Materials provided =>
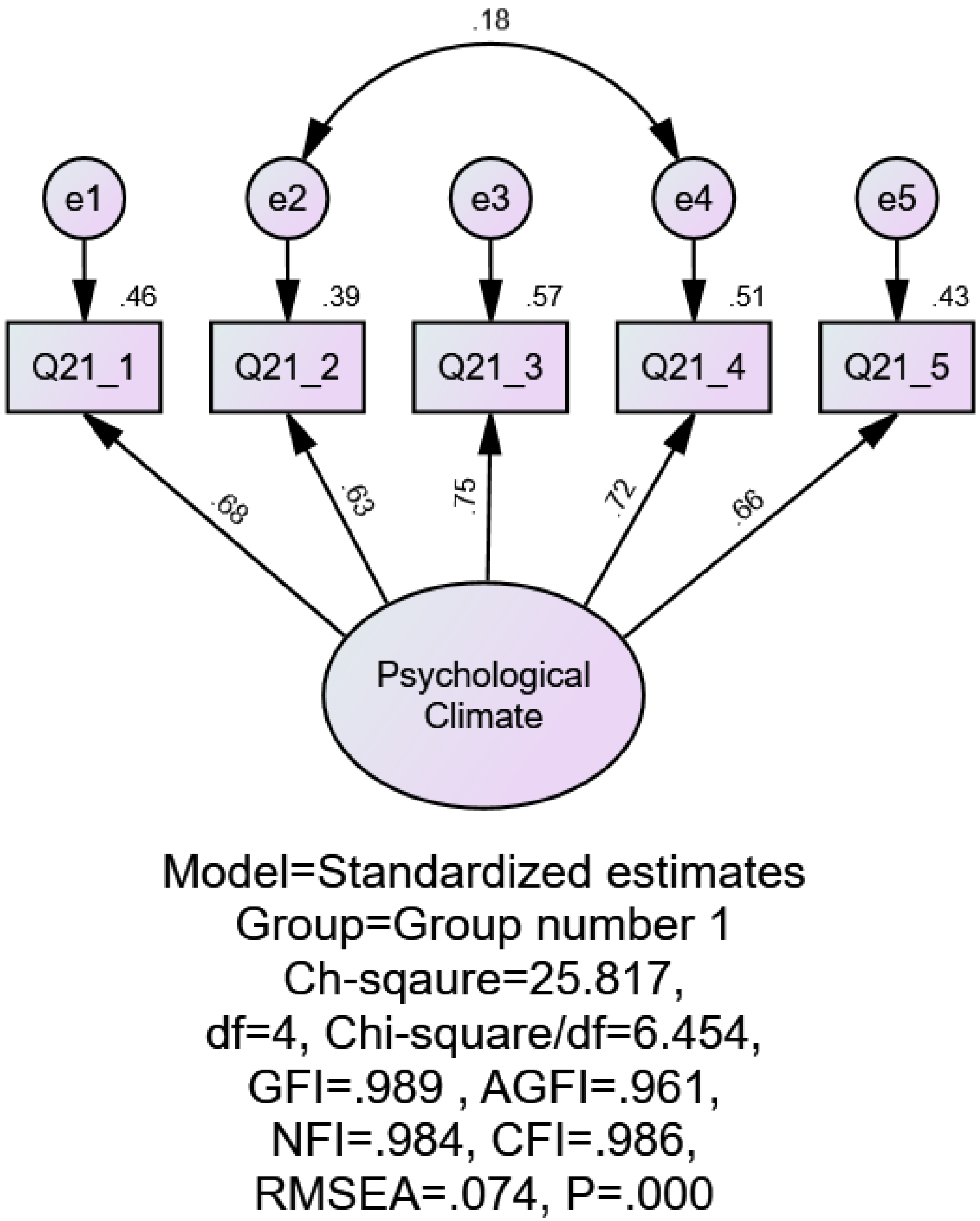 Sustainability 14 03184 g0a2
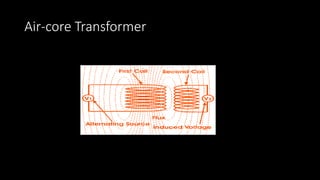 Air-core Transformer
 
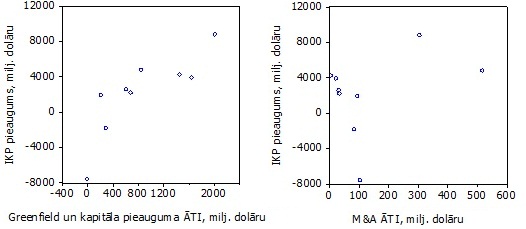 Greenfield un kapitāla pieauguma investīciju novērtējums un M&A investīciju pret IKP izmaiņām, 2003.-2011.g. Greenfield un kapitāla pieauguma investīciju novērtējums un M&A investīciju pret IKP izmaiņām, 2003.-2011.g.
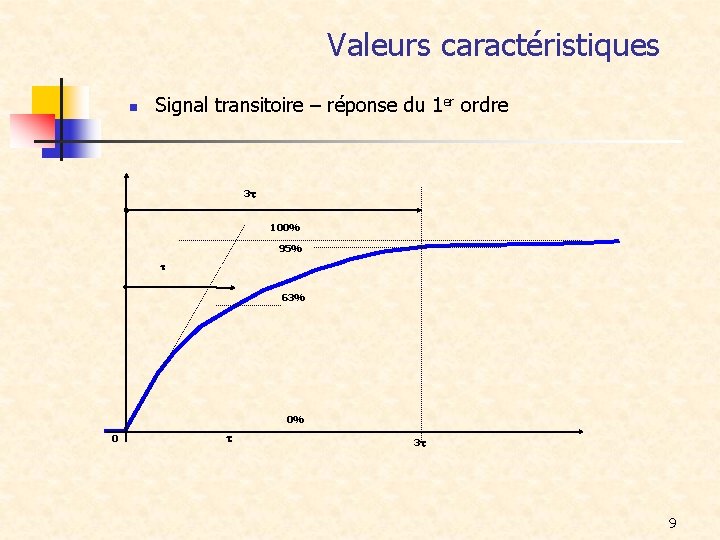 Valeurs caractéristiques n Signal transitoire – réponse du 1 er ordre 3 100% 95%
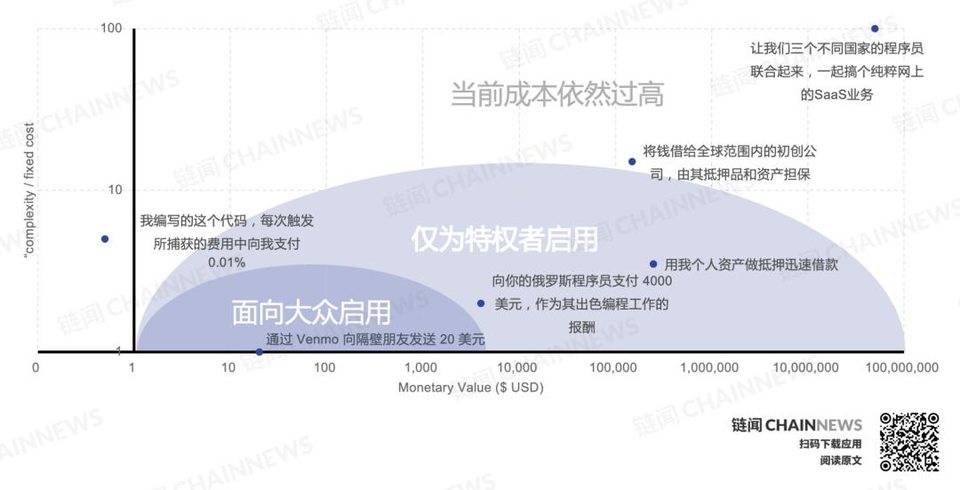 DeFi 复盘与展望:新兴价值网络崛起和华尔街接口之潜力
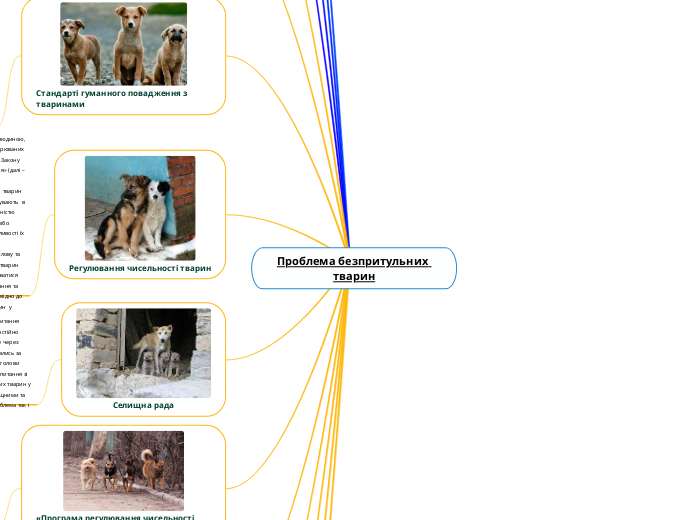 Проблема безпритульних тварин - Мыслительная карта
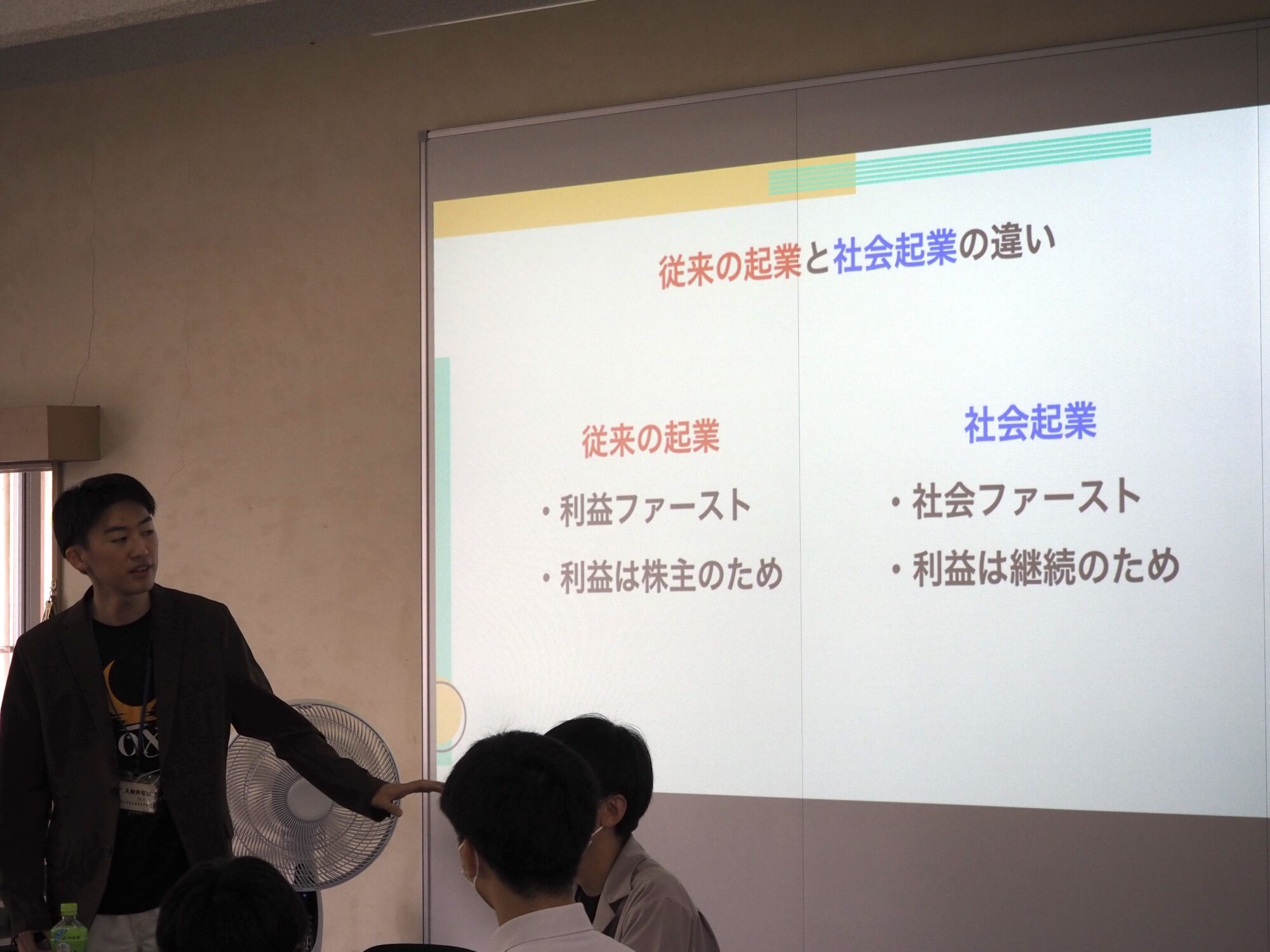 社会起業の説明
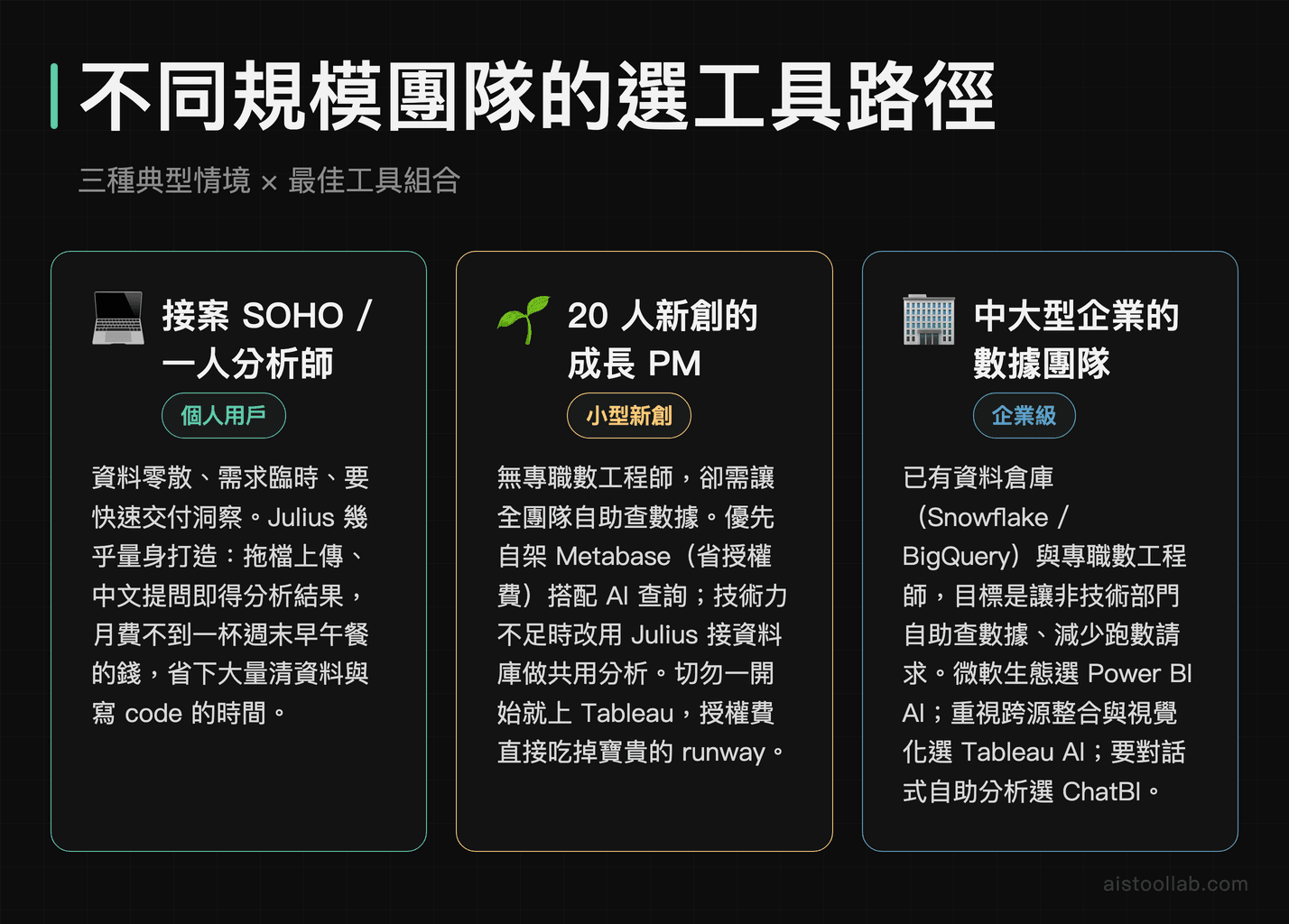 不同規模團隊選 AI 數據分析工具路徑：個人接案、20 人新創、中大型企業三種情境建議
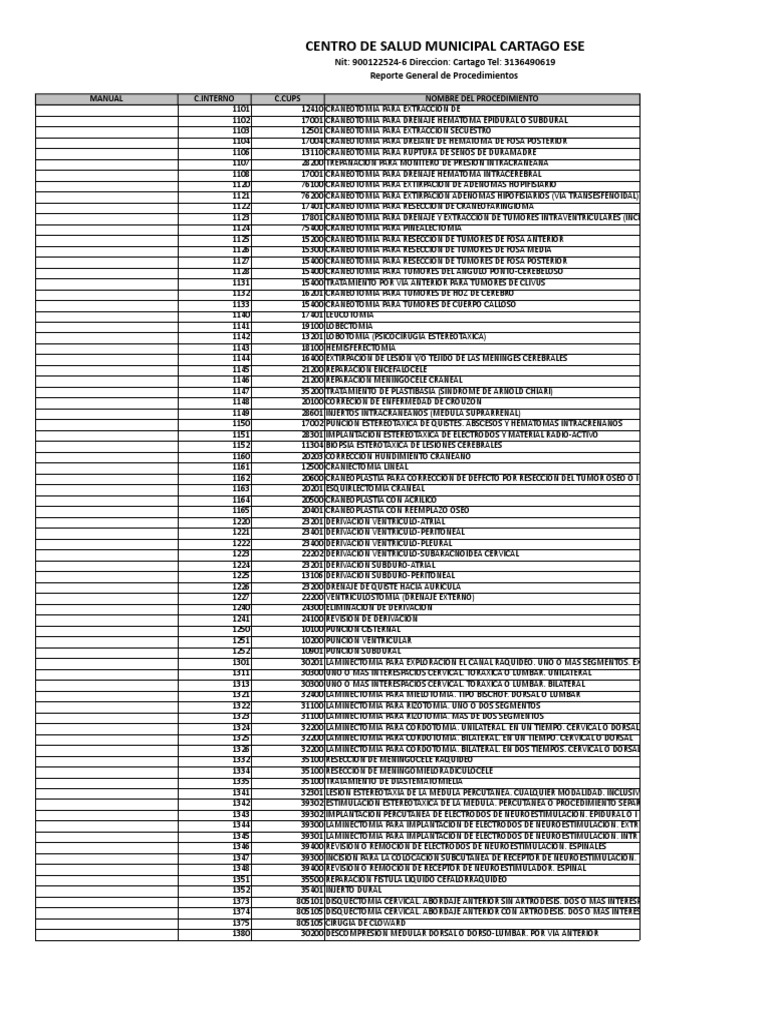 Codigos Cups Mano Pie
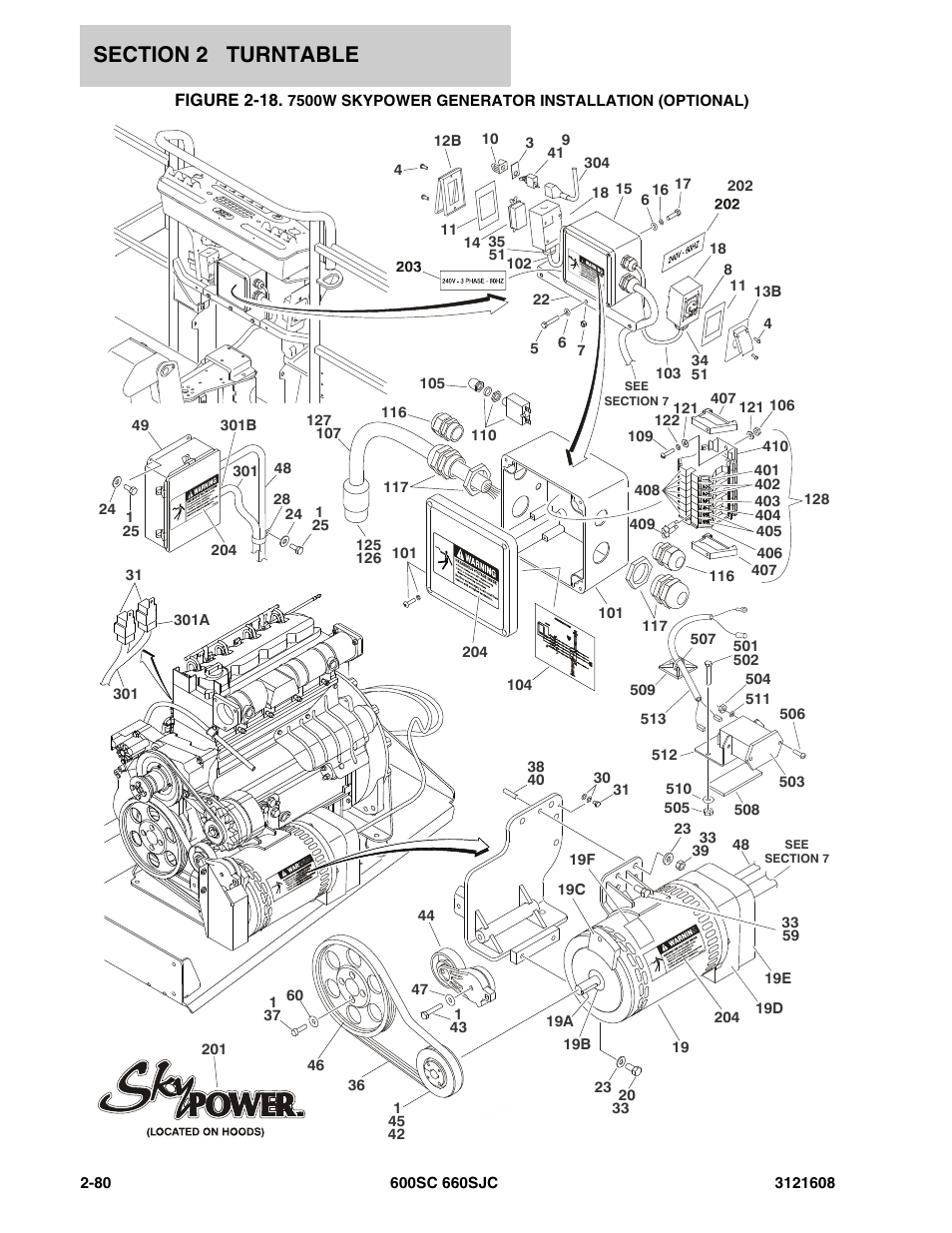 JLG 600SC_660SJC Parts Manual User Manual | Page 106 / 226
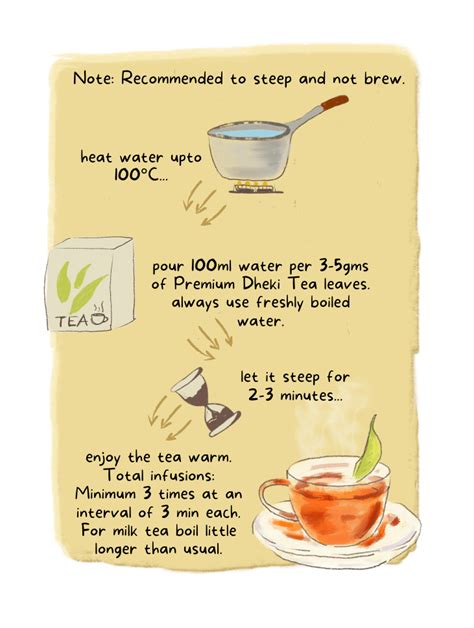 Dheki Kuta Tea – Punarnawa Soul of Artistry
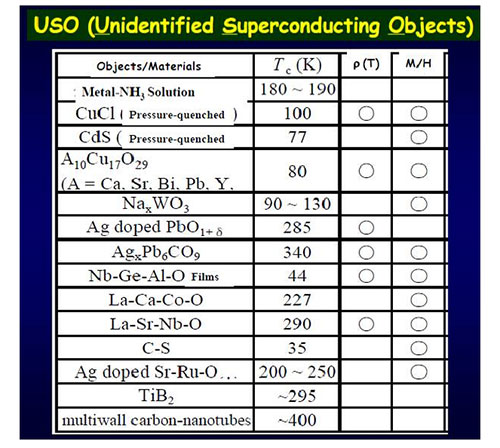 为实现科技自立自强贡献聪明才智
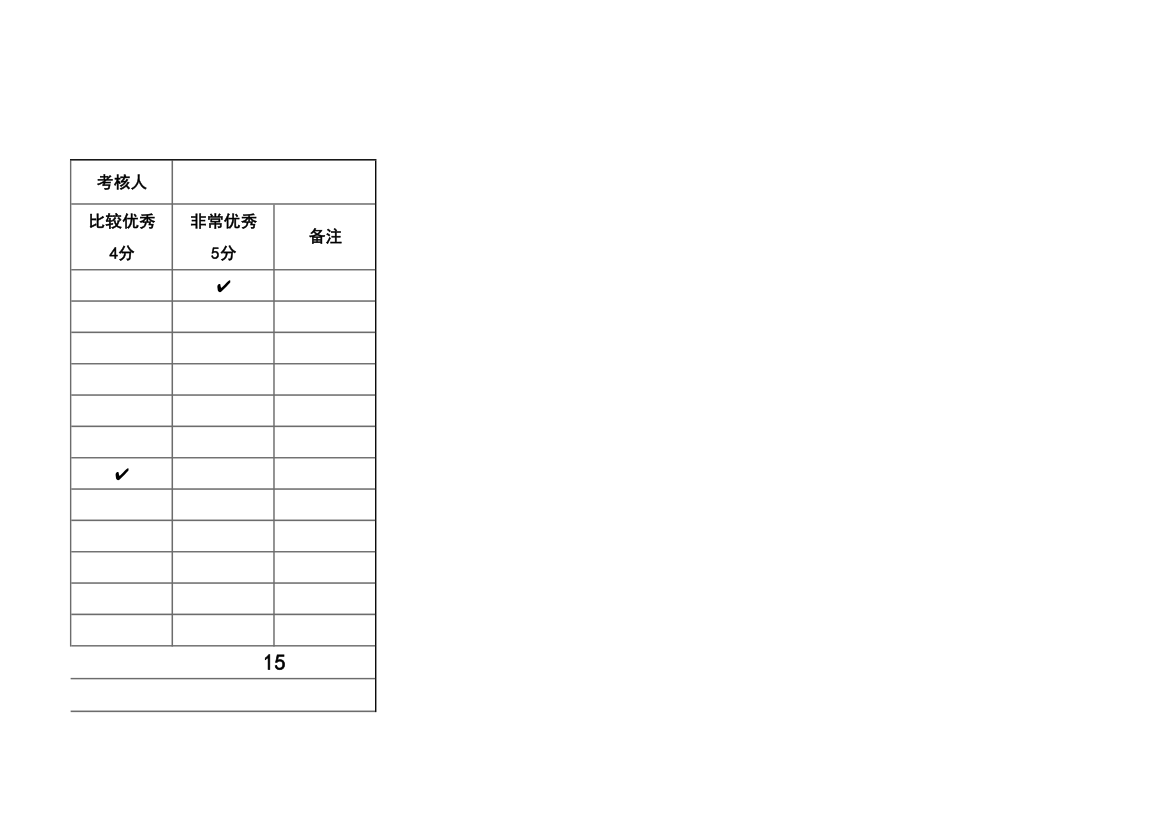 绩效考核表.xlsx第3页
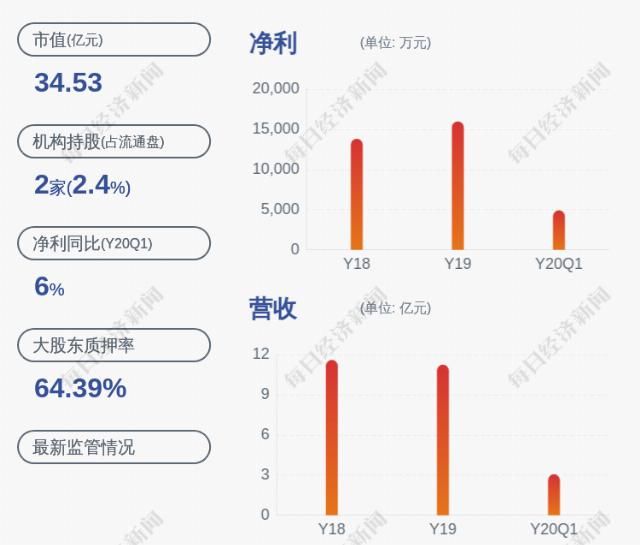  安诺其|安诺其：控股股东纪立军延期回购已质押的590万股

Work to complete =>
Reproduce verbatim the lines of the material above, beginning with its first line and ending with the line that contains "Air-core Transformer"; skip pictures.

Exercise result =>
 Sustainability 14 03184 g0a2
 Air-core Transformer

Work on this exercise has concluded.